### Task to complete
For the entries below, report the number of lines containing "Shirt", without any other content.

### Data for analysis

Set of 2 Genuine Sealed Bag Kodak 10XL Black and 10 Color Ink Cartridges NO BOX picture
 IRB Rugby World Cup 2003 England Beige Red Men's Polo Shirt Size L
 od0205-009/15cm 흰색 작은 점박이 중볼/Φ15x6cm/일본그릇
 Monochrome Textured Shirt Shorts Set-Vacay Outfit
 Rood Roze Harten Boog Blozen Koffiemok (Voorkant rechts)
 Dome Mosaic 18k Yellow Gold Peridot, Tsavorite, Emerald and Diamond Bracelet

### Solution
2